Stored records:
########################################

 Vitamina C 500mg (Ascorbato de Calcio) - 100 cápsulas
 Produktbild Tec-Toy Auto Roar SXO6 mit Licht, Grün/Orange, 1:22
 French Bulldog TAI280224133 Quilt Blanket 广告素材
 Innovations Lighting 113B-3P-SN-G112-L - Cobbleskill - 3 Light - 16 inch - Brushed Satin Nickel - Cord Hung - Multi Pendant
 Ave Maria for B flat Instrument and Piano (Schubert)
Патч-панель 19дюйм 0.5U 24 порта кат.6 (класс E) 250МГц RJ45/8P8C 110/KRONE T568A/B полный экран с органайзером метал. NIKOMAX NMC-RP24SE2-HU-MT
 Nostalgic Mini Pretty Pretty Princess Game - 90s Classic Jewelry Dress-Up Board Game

########################################

§ **Task description**
Could you reproduce every record exactly as shown above?

§ **Written response**
 Vitamina C 500mg (Ascorbato de Calcio) - 100 cápsulas
 Produktbild Tec-Toy Auto Roar SXO6 mit Licht, Grün/Orange, 1:22
 French Bulldog TAI280224133 Quilt Blanket 广告素材
 Innovations Lighting 113B-3P-SN-G112-L - Cobbleskill - 3 Light - 16 inch - Brushed Satin Nickel - Cord Hung - Multi Pendant
 Ave Maria for B flat Instrument and Piano (Schubert)
Патч-панель 19дюйм 0.5U 24 порта кат.6 (класс E) 250МГц RJ45/8P8C 110/KRONE T568A/B полный экран с органайзером метал. NIKOMAX NMC-RP24SE2-HU-MT
 Nostalgic Mini Pretty Pretty Princess Game - 90s Classic Jewelry Dress-Up Board Game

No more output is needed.